The Coffee Roaster House

just around five pounds retreat

ドリップバッグの再評価 ②

外した豆です。照明を当てるとわかりやすいですね。今回は真面目にホワイトバランスをマニュアル調整しました。

被写界深度合成を使うと少しカラーバランスがくるってしまって、未熟っぽい豆はこんな風に浮き上がって見えてきます。さらにここまで拡大すると、かなり変な豆にみえますけれど、実際は焙煎前だと水につけない限りは、意外とほとんど判別できません。生豆の状態だとすごい上等に見えます。ただしウォッシュトなのにこの手の豆が1〜2%程度とはいえ混じっていることがこの豆の市場での評価が芳しくなかった理由の一つでしょう。

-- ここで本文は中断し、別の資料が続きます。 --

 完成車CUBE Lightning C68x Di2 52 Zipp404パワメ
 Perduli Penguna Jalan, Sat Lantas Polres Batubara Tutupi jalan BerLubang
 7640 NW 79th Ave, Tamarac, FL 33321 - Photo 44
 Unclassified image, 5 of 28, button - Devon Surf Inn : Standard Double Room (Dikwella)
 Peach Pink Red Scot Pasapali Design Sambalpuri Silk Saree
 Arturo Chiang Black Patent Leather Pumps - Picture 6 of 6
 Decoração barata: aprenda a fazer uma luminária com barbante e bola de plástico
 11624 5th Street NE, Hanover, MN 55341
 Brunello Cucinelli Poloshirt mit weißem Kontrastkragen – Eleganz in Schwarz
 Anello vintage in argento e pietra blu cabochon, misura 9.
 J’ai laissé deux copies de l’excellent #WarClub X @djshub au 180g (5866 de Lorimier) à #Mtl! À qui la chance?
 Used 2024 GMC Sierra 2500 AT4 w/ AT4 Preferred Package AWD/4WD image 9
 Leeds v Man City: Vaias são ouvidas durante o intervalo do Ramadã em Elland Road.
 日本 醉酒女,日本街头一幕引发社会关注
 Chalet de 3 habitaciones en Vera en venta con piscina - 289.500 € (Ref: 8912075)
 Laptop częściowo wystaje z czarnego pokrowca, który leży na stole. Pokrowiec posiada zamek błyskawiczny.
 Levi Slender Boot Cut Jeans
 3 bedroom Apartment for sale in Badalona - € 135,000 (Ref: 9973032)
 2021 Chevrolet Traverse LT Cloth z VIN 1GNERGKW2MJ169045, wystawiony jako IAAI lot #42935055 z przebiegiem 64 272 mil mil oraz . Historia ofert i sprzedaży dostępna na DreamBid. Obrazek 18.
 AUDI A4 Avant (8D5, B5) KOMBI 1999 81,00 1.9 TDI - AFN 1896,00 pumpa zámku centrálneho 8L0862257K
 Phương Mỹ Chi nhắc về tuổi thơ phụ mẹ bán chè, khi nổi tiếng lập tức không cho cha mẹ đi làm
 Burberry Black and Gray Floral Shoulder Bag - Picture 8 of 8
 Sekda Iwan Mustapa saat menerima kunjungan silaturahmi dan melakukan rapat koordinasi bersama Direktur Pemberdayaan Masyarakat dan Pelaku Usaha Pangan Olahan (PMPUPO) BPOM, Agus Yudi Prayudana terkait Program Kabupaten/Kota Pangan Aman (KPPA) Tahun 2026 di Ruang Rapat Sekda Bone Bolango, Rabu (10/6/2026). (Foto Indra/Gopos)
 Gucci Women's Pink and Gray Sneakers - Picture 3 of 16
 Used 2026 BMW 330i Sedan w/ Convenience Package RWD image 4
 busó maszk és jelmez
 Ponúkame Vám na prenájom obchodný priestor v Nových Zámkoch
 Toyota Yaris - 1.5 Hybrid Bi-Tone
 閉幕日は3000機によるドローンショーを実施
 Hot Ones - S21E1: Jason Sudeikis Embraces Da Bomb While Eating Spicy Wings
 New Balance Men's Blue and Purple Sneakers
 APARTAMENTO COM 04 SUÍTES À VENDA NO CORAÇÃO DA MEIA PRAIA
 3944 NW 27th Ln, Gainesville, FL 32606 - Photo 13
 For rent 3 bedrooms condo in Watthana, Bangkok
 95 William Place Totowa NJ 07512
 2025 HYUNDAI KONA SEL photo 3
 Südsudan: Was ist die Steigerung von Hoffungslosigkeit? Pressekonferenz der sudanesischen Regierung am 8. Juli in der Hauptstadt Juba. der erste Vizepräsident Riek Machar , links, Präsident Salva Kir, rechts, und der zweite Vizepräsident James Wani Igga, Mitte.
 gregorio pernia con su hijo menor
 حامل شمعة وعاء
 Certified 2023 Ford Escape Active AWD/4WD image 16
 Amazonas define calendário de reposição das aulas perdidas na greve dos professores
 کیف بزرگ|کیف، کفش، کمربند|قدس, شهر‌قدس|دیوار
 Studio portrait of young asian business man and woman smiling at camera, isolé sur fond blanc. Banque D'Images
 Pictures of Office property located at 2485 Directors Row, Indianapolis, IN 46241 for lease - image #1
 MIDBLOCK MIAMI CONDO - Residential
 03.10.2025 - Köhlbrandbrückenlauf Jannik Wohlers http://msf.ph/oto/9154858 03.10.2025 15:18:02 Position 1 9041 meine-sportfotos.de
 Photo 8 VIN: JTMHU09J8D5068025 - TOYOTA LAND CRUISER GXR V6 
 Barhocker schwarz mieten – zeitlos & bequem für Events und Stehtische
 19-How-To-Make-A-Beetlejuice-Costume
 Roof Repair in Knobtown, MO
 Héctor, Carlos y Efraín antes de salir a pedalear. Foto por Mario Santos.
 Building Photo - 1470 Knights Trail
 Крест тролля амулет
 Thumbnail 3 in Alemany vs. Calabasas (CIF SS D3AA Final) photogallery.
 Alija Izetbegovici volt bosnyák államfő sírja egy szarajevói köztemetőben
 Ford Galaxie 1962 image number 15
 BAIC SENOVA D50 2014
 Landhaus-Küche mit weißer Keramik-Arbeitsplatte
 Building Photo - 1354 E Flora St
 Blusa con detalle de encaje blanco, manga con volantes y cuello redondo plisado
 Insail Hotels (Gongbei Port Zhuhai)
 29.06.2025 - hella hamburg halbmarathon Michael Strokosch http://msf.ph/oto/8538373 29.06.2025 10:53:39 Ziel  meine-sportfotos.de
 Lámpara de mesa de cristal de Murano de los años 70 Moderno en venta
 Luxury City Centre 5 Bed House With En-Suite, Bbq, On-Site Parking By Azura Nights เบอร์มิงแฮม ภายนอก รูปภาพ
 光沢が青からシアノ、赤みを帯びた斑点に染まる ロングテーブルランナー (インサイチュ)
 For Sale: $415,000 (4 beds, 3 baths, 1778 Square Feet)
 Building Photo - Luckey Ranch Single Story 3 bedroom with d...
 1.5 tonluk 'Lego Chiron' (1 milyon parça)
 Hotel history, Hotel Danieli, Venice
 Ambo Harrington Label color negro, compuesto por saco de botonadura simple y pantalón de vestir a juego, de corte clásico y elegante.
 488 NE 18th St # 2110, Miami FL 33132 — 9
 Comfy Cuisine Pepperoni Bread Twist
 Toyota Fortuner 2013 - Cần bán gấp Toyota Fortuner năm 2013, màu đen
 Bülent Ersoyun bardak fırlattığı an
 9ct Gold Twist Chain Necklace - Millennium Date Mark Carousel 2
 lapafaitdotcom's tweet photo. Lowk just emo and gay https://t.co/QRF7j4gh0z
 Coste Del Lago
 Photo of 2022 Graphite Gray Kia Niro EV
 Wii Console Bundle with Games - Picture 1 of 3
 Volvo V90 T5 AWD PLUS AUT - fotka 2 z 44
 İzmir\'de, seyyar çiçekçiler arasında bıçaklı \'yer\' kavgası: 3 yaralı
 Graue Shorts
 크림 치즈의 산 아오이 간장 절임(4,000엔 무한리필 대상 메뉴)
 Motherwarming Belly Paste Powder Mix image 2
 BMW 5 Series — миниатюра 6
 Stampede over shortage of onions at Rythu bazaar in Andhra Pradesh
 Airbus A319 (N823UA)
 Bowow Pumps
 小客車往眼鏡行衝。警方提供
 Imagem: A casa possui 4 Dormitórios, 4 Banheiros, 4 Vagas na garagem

うまくケアできればそれなりにはいいのですけれど、焙煎の前後に余計な手間をかけるくらいなら、素直に倍近い価格の豆を選んだ方が利口かもしれません。

ちなみに、こういう豆だけ選んで飲んでも雑味を感じることはほとんどありません。代わりにコーヒーらしい味もほとんどしませんので、考え方によっては無害。でもやはりケアしないと最低、それだけ薄目で物足りないコーヒーになったり、全体のバランスは崩れます。

かといって、こういうのを皆無にしようと頑張りすぎると、クリアになる反面、それはそれでつまらないコーヒーになったりしますので、いい塩梅で収める必要があります。

どちらかというと外した方ですけれど

割ってみるとこんな感じです。外す必要はなかったです。間違ってこぼれた分かな。

こうして断面を見てみると黒糖かりんとうを使ってブラウニーを作ったみたいに見えるし、チョコレートケーキを作るのに失敗したみたいにも見えますね。実際の豆の焙煎度は豆の表面でフルシティ行くか行かないくらい、粉にしてちょっと深めのシティかなあ??という感じです。実際の味わい的にはハイとシティの中間くらい?かも、というのはこの断面のグラデーションからもわかります。ムラ、ちょっと多すぎ。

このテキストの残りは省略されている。